Runs

  1. Concepts
    1. Run directory
    2. Limiting runs
      1. Run scope
      2. Run filtering
    3. Selecting runs
      1. Examples
  2. Start a run
    1. Operation aliases
  3. Flag values
  4. List runs
  5. Get run information
  6. Compare runs
  7. Label runs
  8. Delete runs
    1. Frequently used delete commands
  9. Restore deleted runs
  10. Purge deleted runs

Runs are generated in Guild AI by running an operation.

When you train a model, you generate a run, which contains the trained model as well as training logs and other artifacts associated with the operation.

Similarly, when you fine tune a model, you generate a run. When you test a model, you generate a run. In fact, any operation that you run generates a distinct run. This is how Guild manages your work.

Here is a common work flow:

  • Find and install a model
  • Run an operation on that model (e.g. train)
  • Monitor the progress of the operation (e.g. view)
  • Run another operation with different hyper-parameters (flags)
  • Compare runs
  • Delete runs that you’re no longer interested in
  • Select successful runs for deployment or use in other operations

The work centers on runs—creating, comparing, and selecting.

Concepts

As you work with runs in Guild it’s important to understand some core concepts. If you’d prefer to skip this conceptual material, jump to Start a run below.

Run directory

A run directory is a file system directory (or folder) that contains artifacts associated with a run. Guild creates a unique run directory for every run. This directory contains a variety of important data:

  • Run metadata
  • Run sources such as datasets
  • Run output such as event logs and saved models

Run directories are located in GUILD_HOME/runs. For more information see Guild home.

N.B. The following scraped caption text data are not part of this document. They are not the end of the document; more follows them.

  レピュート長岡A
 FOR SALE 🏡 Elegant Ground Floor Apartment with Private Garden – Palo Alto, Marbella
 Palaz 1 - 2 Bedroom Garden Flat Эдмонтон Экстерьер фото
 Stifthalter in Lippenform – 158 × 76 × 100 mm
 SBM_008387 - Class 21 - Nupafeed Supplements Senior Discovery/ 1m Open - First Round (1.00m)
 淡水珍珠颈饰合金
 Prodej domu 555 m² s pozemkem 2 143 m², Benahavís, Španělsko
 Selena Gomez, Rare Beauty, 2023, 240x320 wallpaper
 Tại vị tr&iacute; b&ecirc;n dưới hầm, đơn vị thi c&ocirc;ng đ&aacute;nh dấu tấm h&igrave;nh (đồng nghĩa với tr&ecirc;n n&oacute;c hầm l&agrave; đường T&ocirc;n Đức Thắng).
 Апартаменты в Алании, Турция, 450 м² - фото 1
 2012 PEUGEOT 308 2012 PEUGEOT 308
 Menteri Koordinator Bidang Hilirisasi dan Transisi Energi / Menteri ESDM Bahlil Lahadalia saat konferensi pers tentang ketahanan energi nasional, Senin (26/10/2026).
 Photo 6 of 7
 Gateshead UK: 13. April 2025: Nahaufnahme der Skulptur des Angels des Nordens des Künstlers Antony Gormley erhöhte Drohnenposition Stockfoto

Run related operations interact with run directories in various ways:

  • guild run creates a new run directory
  • guild runs info prints information read from a run directory
  • guild runs list enumerates run directories
  • guild runs delete deletes run directories

Limiting runs

Over time you’ll generate a large number of runs. This list can become unwieldy, especially when you’re interested in a small subset— e.g. runs associated with a particular model you’re working with. For this reason, Guild provides two ways of limiting the runs that apply to run related commands:

  • Limit to runs associated with a model defined in the current directory
  • Limit to runs that match a filter

Run scope

The first limit is known as run scope. Scope can be either local or global. By default, scope is local when the current directory contains a model definition, otherwise scope is global. Local scope limits runs to those associated with models defined in the current directory. Global scope displays all runs.

Global scope can be applied using the ‑‑all (or ‑a) option.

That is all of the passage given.